The average performance of the European economies has improved but the picture reported for individual European countries varies dramatically, with annual growth ranging from 26.1% in Latvia to -13.9% in Lithuania and -14.8% in Ireland, according to the latest Knight Frank Global House Price Index,
Liam Bailey, head of residential research at Knight Frank, said: “The performance of Latvia’s housing market in recent years has proved extremely volatile. In Q3 2009 Latvia was ranked at the bottom of our Index with house prices having fallen by 70% since the mid-2007 peak. Now Latvia leads our table. Following a combination of tax rises and austerity measures such as budget and wage cuts, industrial production has picked up with GDP reaching 2.7%. in Q3 2010. Residential demand has been further boosted by a new Latvian immigration law which came into force on 1st July, relaxing residency rules for foreign investors.

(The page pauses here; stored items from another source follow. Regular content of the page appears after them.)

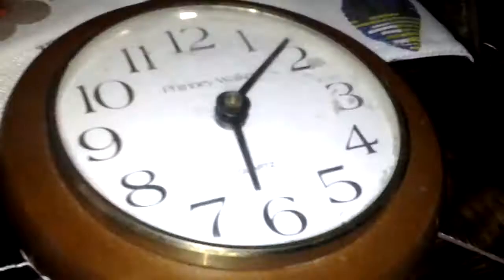Hi guys, today's going to be a quick video of my Finny Walker Wall Clock. I just got the Wall Clock today. This is what it looks like — it looks like this, isn't bad.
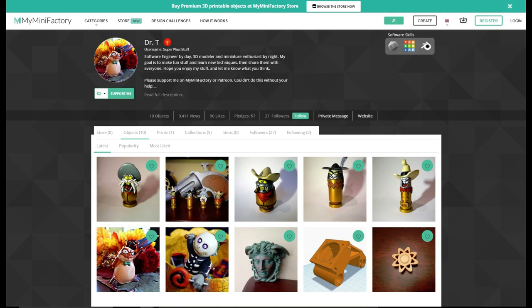Working with MyMiniFactory, I've decided to create a store where I'll offer many great models all for free, and maybe even a few other fun things for a small cost. I'm working on a really cool one right now that I think you'll all like — hint, it plays music.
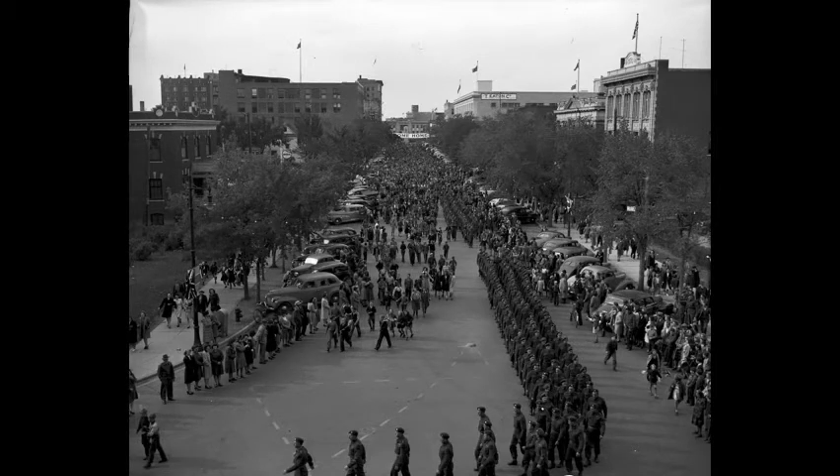Men of the Saskatoon Light Infantry, 1st Battalion, march down 21st Street in October 1945. They are welcomed home with a huge banner over the street, and the railway station is visible in the distance.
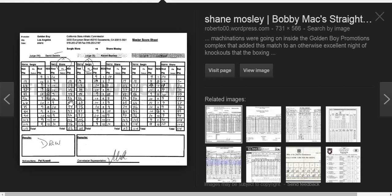At the end of the full fight, David Denkin had Mosley winning 116-112. However, Kermit Bayless had it for Sergio Mora, 115-113. And Lou Moretti had it a draw. So this fight ended up being a draw because one judge scored it for Mosley, one judge had it for Mora, and one judge had it a draw.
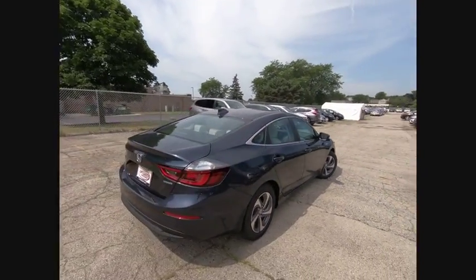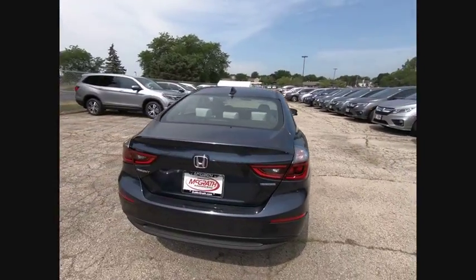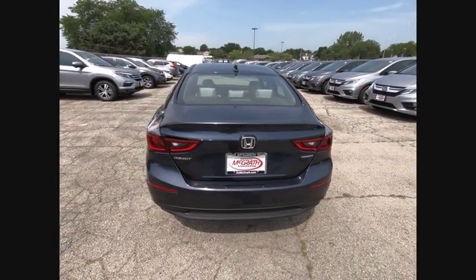This vehicle has less than 100 miles. Here are some of this vehicle's great options: Lane Departure Warning.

“Parallels have been drawn between Latvia and Ireland - in both cases the recession was borne out of a consumer-driven boom and bust and both governments have imposed strict fiscal tightening measures. In addition, neither country has been able to use its exports or devalue its currency to minimise the fallout from its economic turmoil. In Latvia house prices have started to climb again since Q3 2009. House prices in Ireland, by comparison, are still following a downward trend with price falls of 36% recorded to date, with declines of up to 50% recorded in Dublin. However, the latest results show the rate of decline is slowing with prices falling by 1.3% in the third quarter compared to 1.7% in the previous quarter.”